Если план - общее разрушение, то стоит ли останавливаться перед разрушением одного человека?
На процессе 1871 года выяснилось: студент Иванов был убит, по существу, ни за что, по пустому подозрению в предательстве, выдуманном Нечаевым. Ни один из четверых, кого Нечаев сплотил и сговорил на убийство, не верил до последней минуты в то, что Нечаев приведет угрозу в исполнение. Думали, хочет лишь напугать, заставить подчиняться. Но Нечаеву нужна была кровь. В романе "Бесы" Ставрогин советует Петру Верховенскому: "Подговорите четырех членов кружка укокошить пятого под видом того, что тот донесет, и тотчас же вы их всех пролитою кровью, как одним узлом, свяжете. Рабами вашими станут..." Но Петр Верховенский - он же Нечаев, Достоевский в черновиках и планах так прямо и называет его Нечаевым - лучше Ставрогина знает, как поступать. Он мог бы ответить генеральскому сынку: "Не учи ученого, съешь яблочка моченого!" Разница между ними: Ставрогин все страшное вываливает безоглядно наружу, а Петр Верховенский держит страшное глубоко в тайне.
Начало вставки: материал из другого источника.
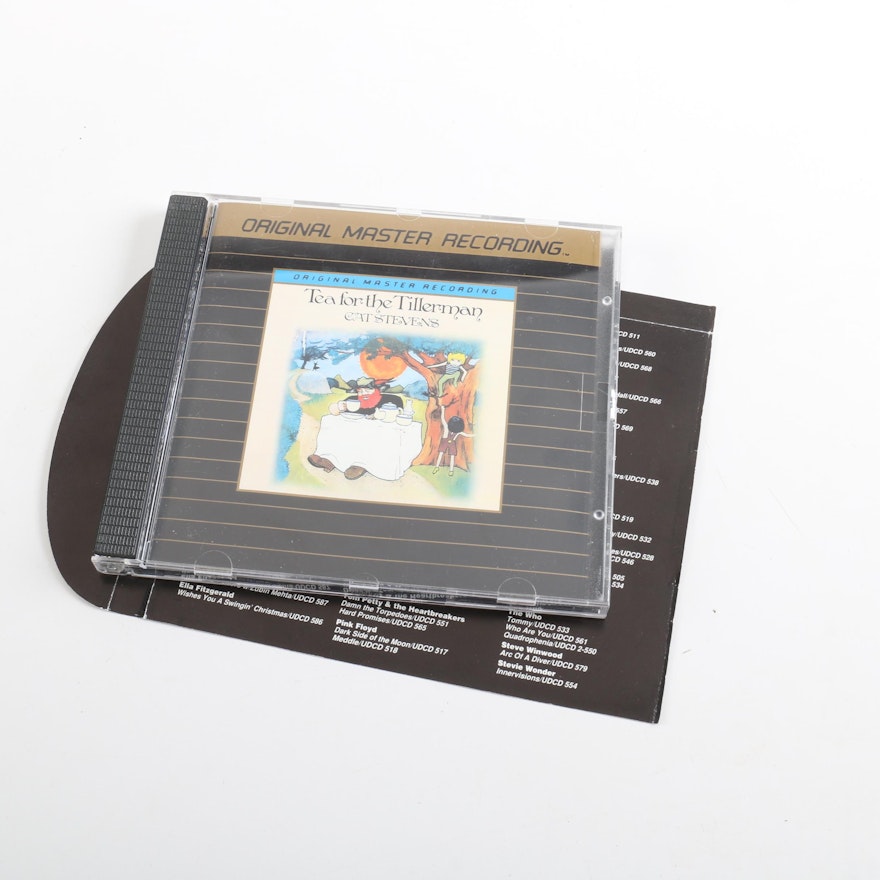 Cat Stevens Original Master Recording 24kt Gold Plated Audiophile Compact Disc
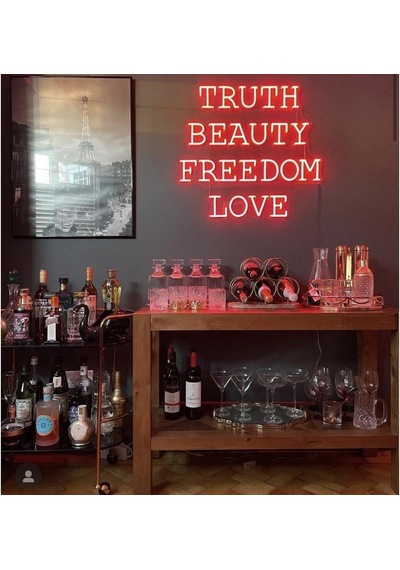 Truth/ Beauty/ Freedom/ Love Neon
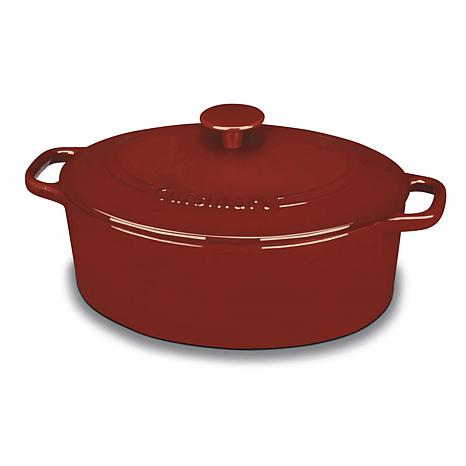 Martha Stewart Colored Enameled Cast Iron Round Casserole, 6 qt for $49.99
Для пользы дела.
Дальнейшая судьба Нечаева: в Европе он сумел очаровать простодушного Огарева и неукротимого Бакунина, убедил их в том, что возглавляет в России громадное тайное общество и для развития дела нуждается в средствах, выманил большую сумму у Огарева, пытался соблазнить дочь Герцена, выманивая деньги и у нее, но потерпел неудачу. Процесс 1871 года сильно очернил его репутацию, европейские революционеры отшатнулись, Бакунин отрекся, и в 1872 году швейцарское правительство выдало Нечаева России как уголовного преступника. Молодежь не желала иметь с ним дело. Его прокляли и забыли. Но Нечаев оказался не просто жалкий обманщик и лишенный чести преступник, а дошедший до безумия фанатик "революционного" дела: это обнаружилось через десять лет. Достоевского уже не было в живых. Нечаев сумел благодаря фантастической воле и сверхъестественной силе внушения склонить стражников Петропавловской крепости на свою сторону и едва не устроил грандиозную мистификацию с побегом. Заговор раскрылся, многие стражники и солдаты поехали в Сибирь, а Нечаев погиб в крепости - в тот же день, 21 ноября, когда убил студента Иванова, только тринадцать лет спустя, в 1882 году.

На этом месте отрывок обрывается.